What to work on:
Write out the listing exactly, dropping any picture it contains.

===== Collected material

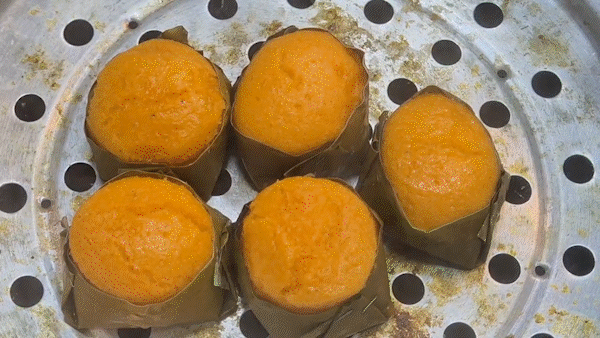 Lễ hội bánh dân gian Nam bộ hút khách, đông nghịt người tham quan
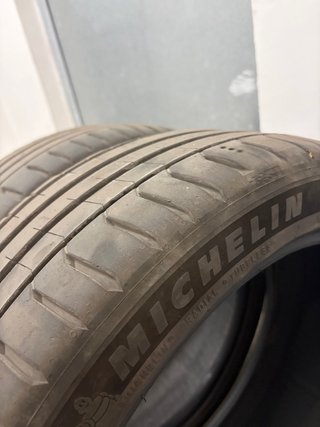 NeumáticosMichelin 215/45 ZR 17 Pilot sport 5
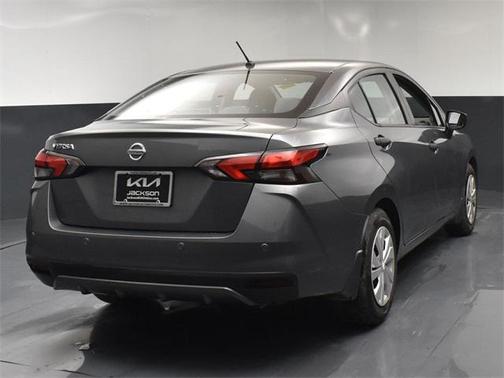 2021 Nissan Versa 1.6 S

==========

Response to this task:
 Lễ hội bánh dân gian Nam bộ hút khách, đông nghịt người tham quan
 NeumáticosMichelin 215/45 ZR 17 Pilot sport 5
 2021 Nissan Versa 1.6 S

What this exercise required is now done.